■ Records supplied ■
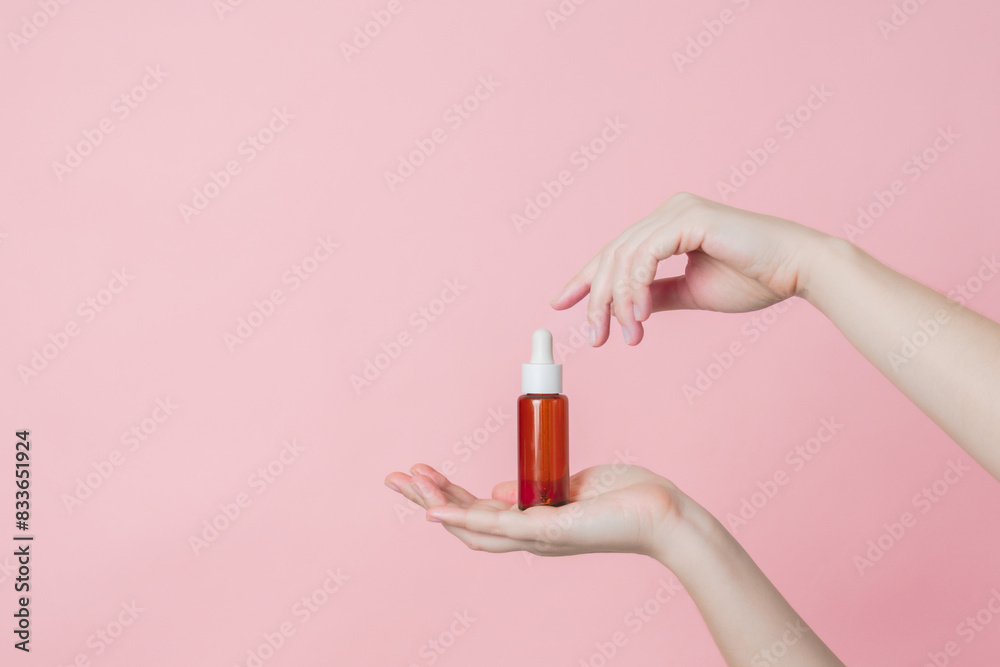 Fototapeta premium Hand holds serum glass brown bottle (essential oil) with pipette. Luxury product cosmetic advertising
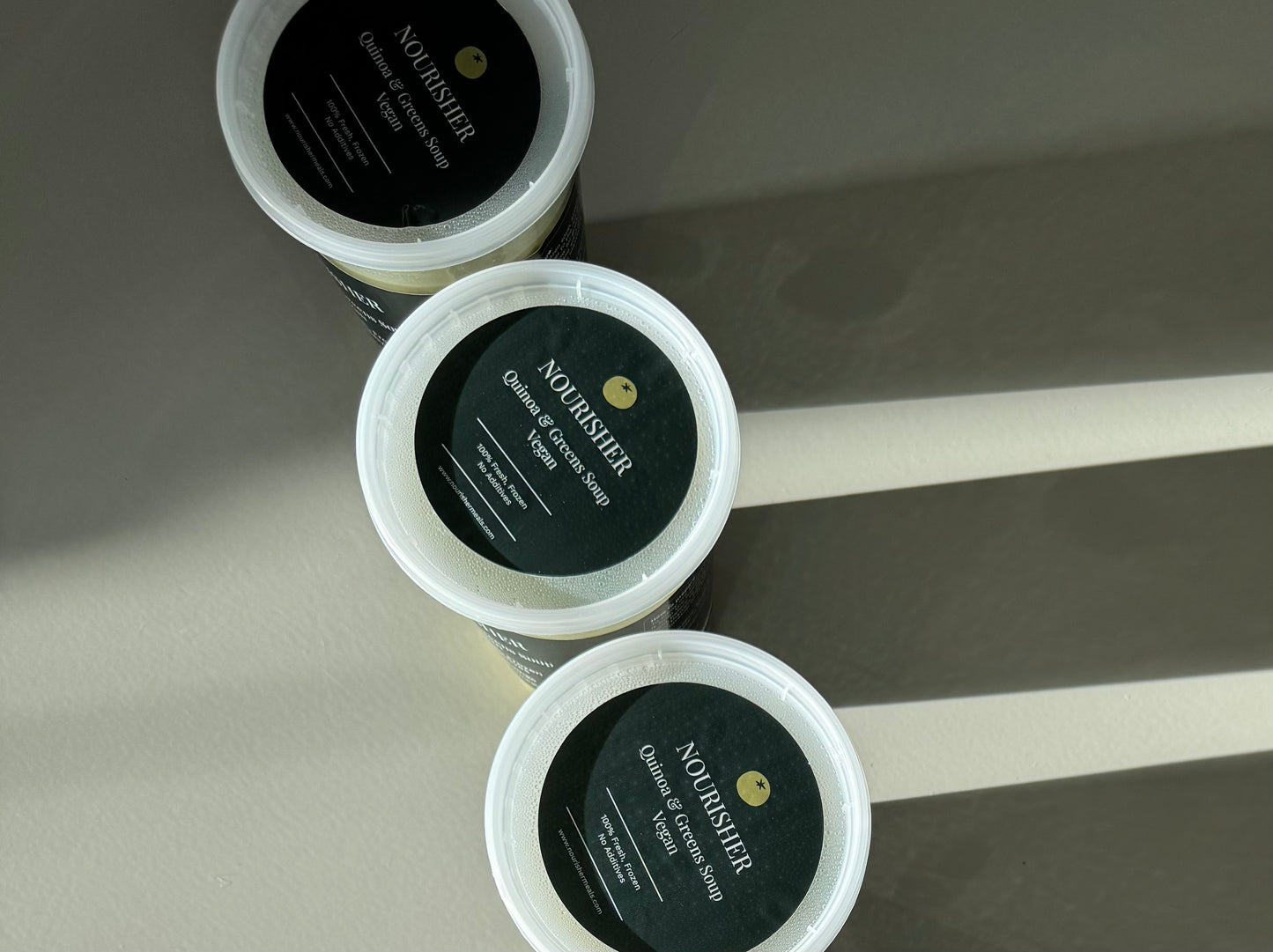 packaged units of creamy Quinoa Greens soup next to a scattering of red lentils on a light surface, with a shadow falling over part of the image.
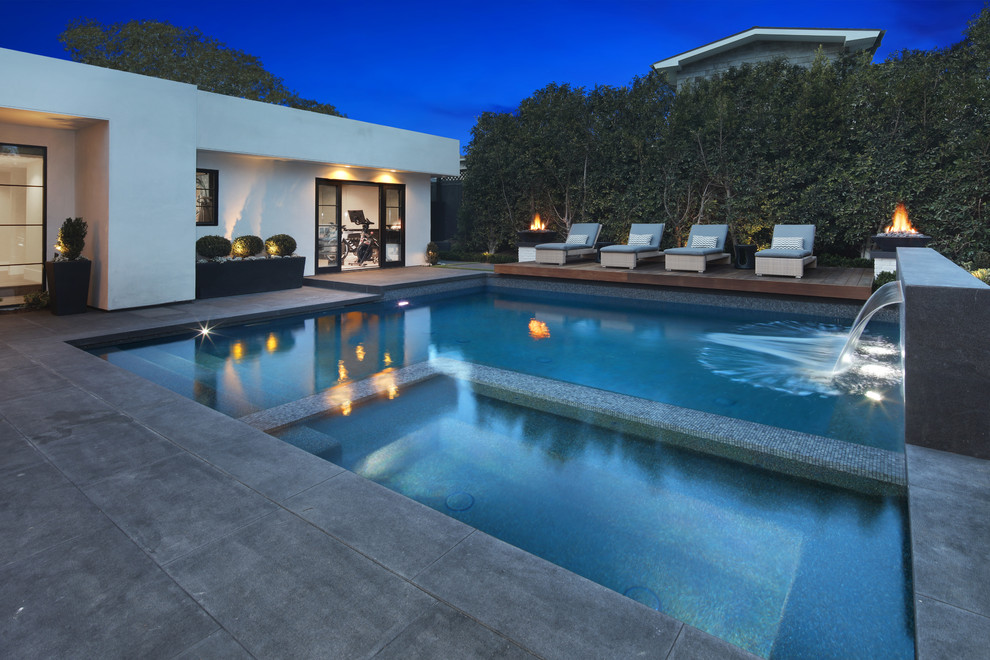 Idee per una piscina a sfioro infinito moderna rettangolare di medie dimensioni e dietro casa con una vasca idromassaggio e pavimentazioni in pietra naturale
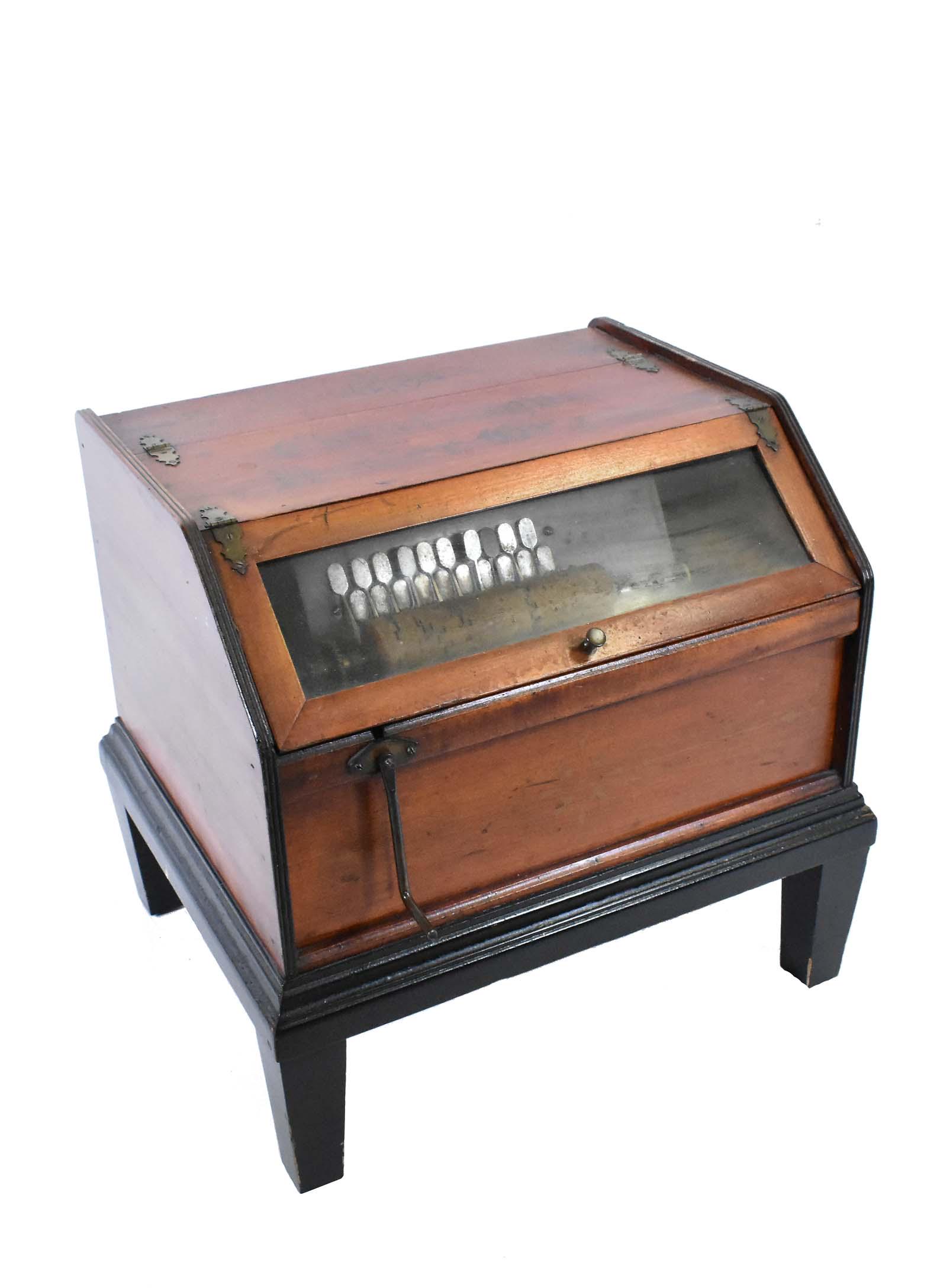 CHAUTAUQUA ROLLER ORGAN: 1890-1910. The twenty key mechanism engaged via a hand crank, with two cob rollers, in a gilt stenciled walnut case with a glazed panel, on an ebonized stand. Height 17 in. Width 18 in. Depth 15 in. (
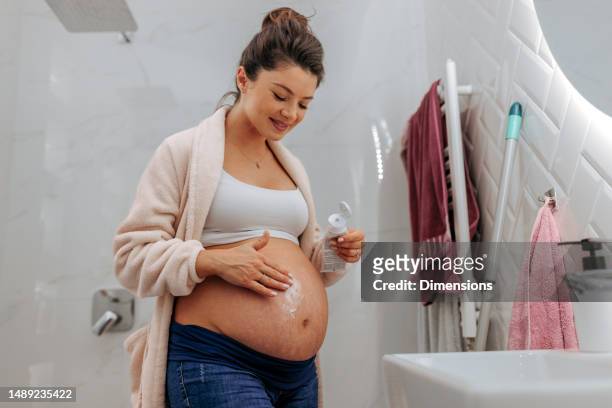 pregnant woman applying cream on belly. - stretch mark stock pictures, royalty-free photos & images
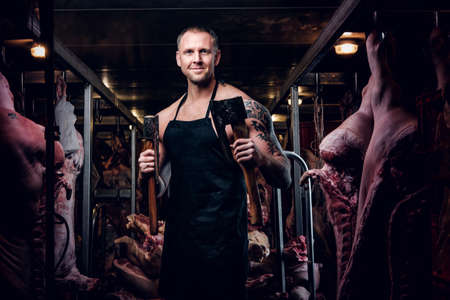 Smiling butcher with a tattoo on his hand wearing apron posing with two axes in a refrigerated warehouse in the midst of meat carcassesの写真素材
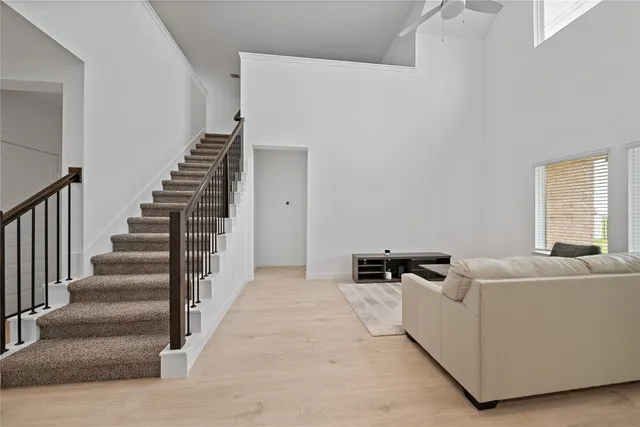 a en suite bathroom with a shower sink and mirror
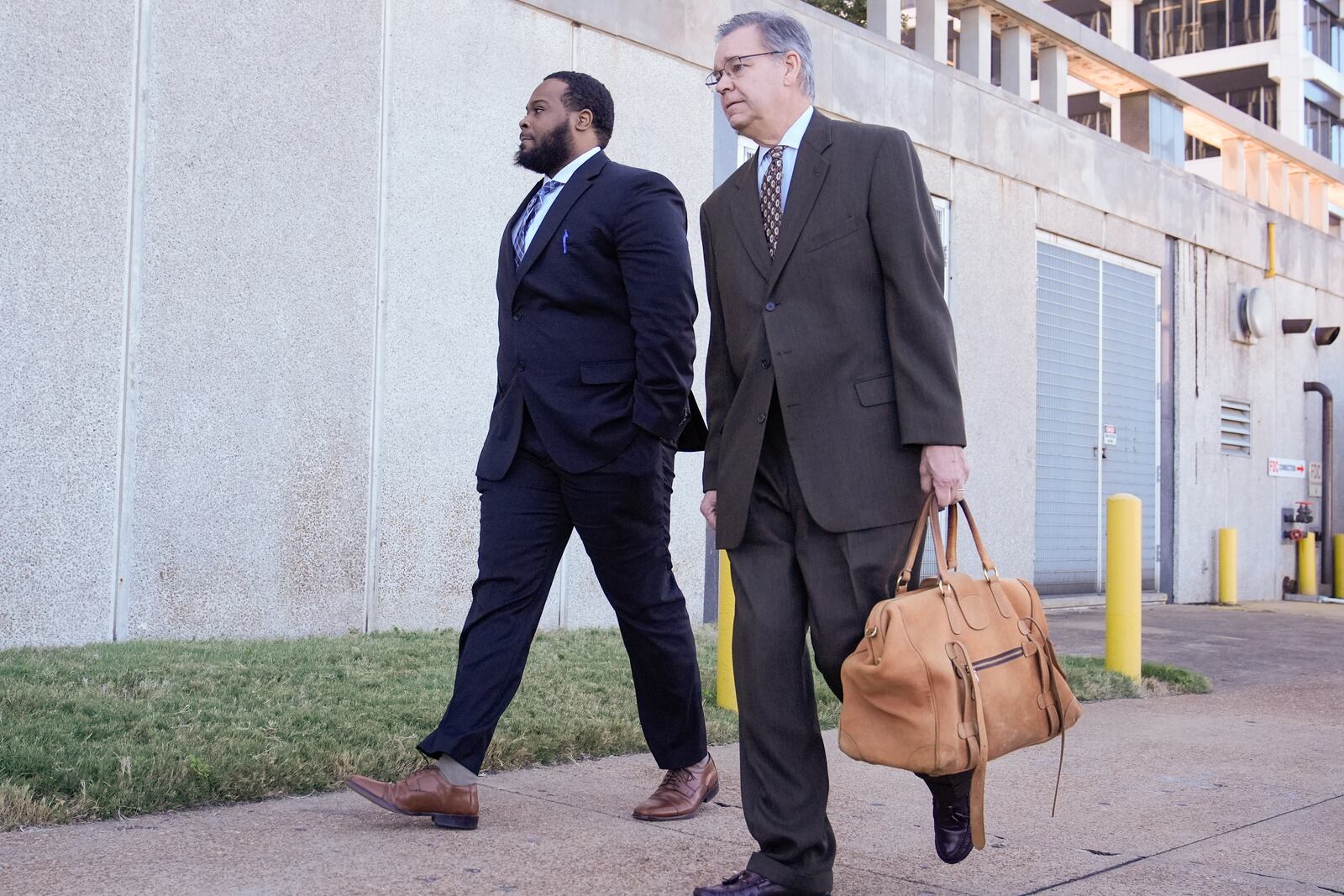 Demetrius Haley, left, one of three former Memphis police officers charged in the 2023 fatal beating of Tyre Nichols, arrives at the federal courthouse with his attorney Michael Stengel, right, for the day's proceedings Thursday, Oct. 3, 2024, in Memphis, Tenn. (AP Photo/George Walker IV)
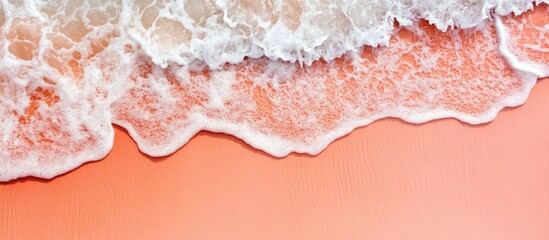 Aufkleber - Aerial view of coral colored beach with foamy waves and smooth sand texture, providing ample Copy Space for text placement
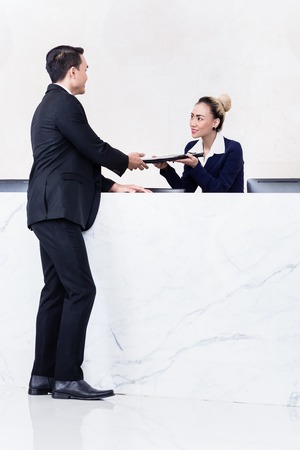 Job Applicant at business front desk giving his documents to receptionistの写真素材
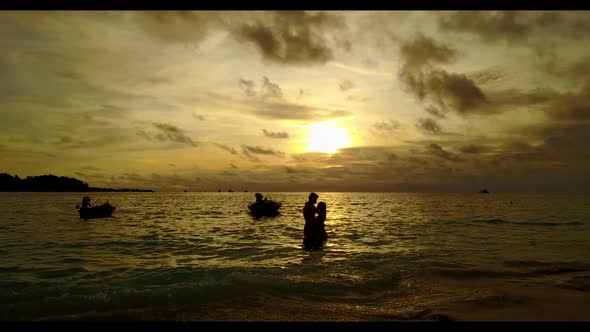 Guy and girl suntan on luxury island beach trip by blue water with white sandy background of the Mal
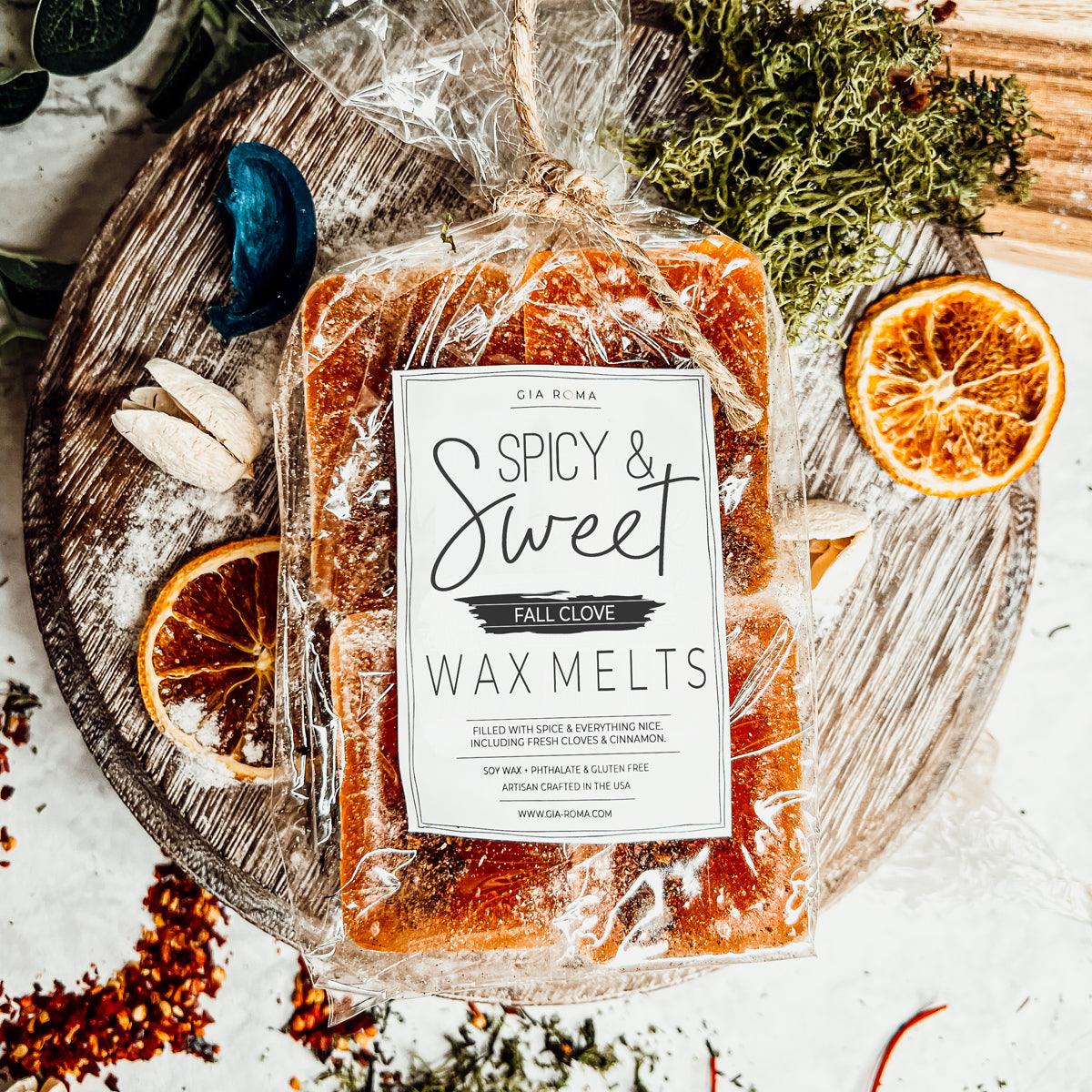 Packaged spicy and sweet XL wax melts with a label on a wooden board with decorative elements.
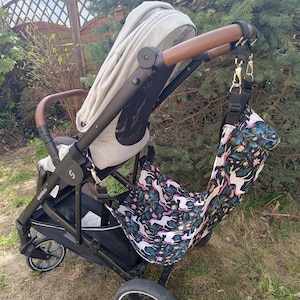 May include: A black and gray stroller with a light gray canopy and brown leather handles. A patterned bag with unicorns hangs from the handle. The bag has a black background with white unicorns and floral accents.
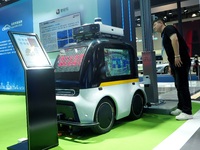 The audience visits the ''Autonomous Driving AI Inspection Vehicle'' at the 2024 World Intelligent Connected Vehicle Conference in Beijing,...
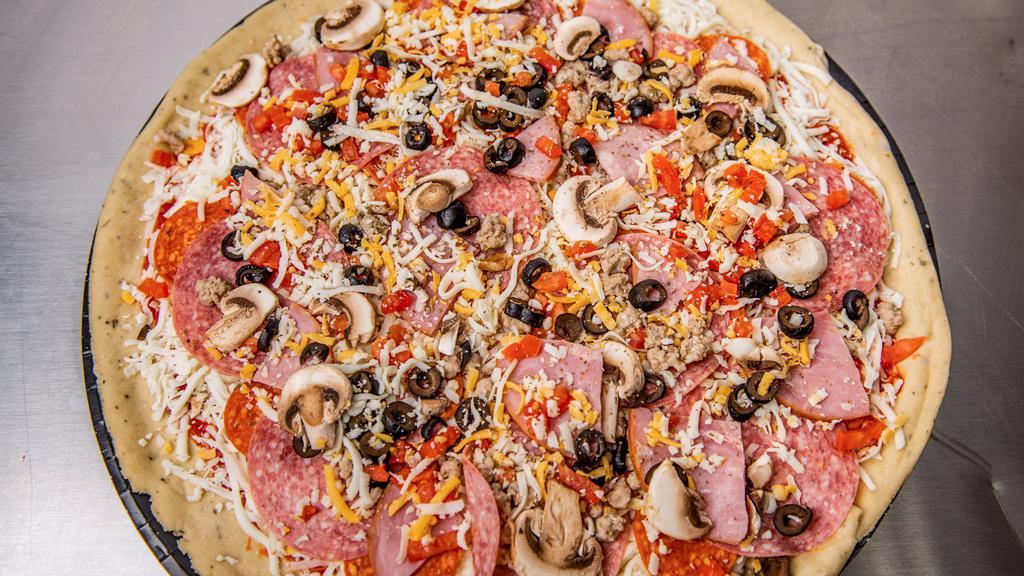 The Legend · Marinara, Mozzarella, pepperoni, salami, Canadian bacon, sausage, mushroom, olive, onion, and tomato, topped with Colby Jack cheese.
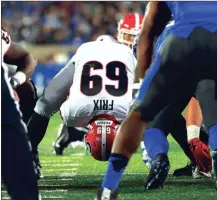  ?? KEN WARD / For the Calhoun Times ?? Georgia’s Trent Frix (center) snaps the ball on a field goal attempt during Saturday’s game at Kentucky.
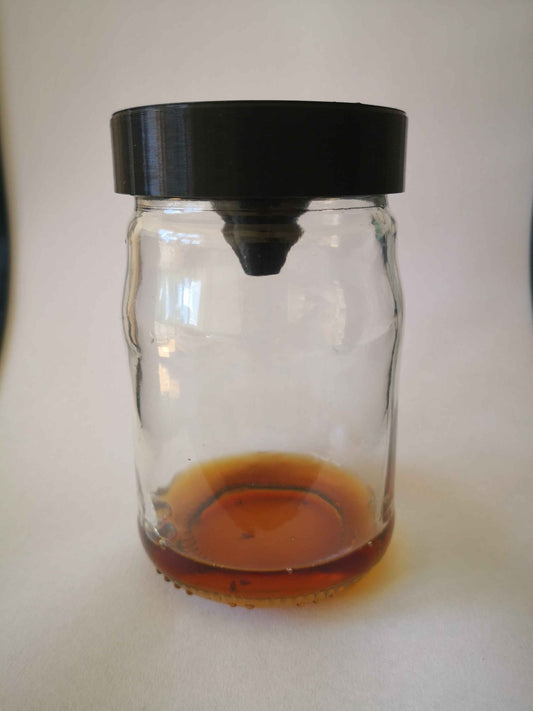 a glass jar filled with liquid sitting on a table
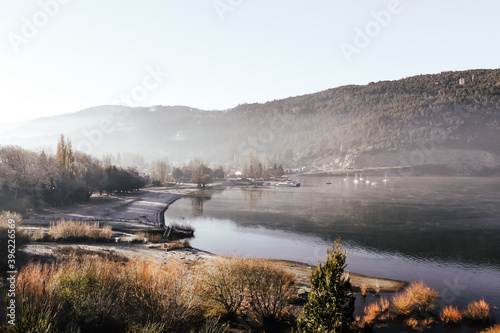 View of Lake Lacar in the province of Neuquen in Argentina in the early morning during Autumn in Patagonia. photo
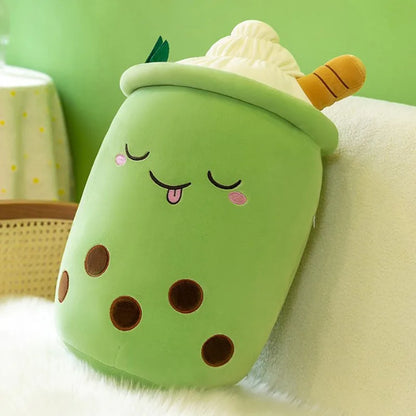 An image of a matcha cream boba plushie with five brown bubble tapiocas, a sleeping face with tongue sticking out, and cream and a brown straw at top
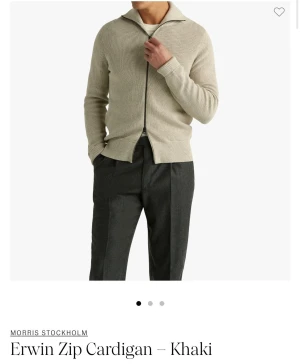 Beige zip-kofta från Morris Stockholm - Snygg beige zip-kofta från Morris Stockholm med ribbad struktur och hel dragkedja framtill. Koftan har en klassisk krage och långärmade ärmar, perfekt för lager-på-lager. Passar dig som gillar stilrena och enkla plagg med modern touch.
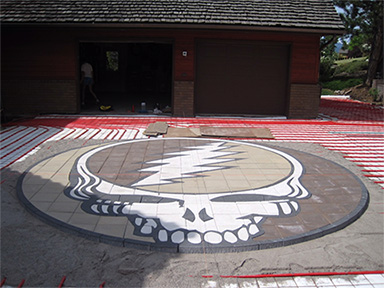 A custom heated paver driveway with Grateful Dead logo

■ What is required ■
Give back the full listing exactly, with pictures dropped.

■ Written answer ■
 Fototapeta premium Hand holds serum glass brown bottle (essential oil) with pipette. Luxury product cosmetic advertising
 packaged units of creamy Quinoa Greens soup next to a scattering of red lentils on a light surface, with a shadow falling over part of the image.
 Idee per una piscina a sfioro infinito moderna rettangolare di medie dimensioni e dietro casa con una vasca idromassaggio e pavimentazioni in pietra naturale
 CHAUTAUQUA ROLLER ORGAN: 1890-1910. The twenty key mechanism engaged via a hand crank, with two cob rollers, in a gilt stenciled walnut case with a glazed panel, on an ebonized stand. Height 17 in. Width 18 in. Depth 15 in. (
 pregnant woman applying cream on belly. - stretch mark stock pictures, royalty-free photos & images
 Smiling butcher with a tattoo on his hand wearing apron posing with two axes in a refrigerated warehouse in the midst of meat carcassesの写真素材
 a en suite bathroom with a shower sink and mirror
 Demetrius Haley, left, one of three former Memphis police officers charged in the 2023 fatal beating of Tyre Nichols, arrives at the federal courthouse with his attorney Michael Stengel, right, for the day's proceedings Thursday, Oct. 3, 2024, in Memphis, Tenn. (AP Photo/George Walker IV)
 Aufkleber - Aerial view of coral colored beach with foamy waves and smooth sand texture, providing ample Copy Space for text placement
 Job Applicant at business front desk giving his documents to receptionistの写真素材
 Guy and girl suntan on luxury island beach trip by blue water with white sandy background of the Mal
 Packaged spicy and sweet XL wax melts with a label on a wooden board with decorative elements.
 May include: A black and gray stroller with a light gray canopy and brown leather handles. A patterned bag with unicorns hangs from the handle. The bag has a black background with white unicorns and floral accents.
 The audience visits the ''Autonomous Driving AI Inspection Vehicle'' at the 2024 World Intelligent Connected Vehicle Conference in Beijing,...
 The Legend · Marinara, Mozzarella, pepperoni, salami, Canadian bacon, sausage, mushroom, olive, onion, and tomato, topped with Colby Jack cheese.
  ?? KEN WARD / For the Calhoun Times ?? Georgia’s Trent Frix (center) snaps the ball on a field goal attempt during Saturday’s game at Kentucky.
 a glass jar filled with liquid sitting on a table
 View of Lake Lacar in the province of Neuquen in Argentina in the early morning during Autumn in Patagonia. photo
 An image of a matcha cream boba plushie with five brown bubble tapiocas, a sleeping face with tongue sticking out, and cream and a brown straw at top
 Beige zip-kofta från Morris Stockholm - Snygg beige zip-kofta från Morris Stockholm med ribbad struktur och hel dragkedja framtill. Koftan har en klassisk krage och långärmade ärmar, perfekt för lager-på-lager. Passar dig som gillar stilrena och enkla plagg med modern touch.
 A custom heated paver driveway with Grateful Dead logo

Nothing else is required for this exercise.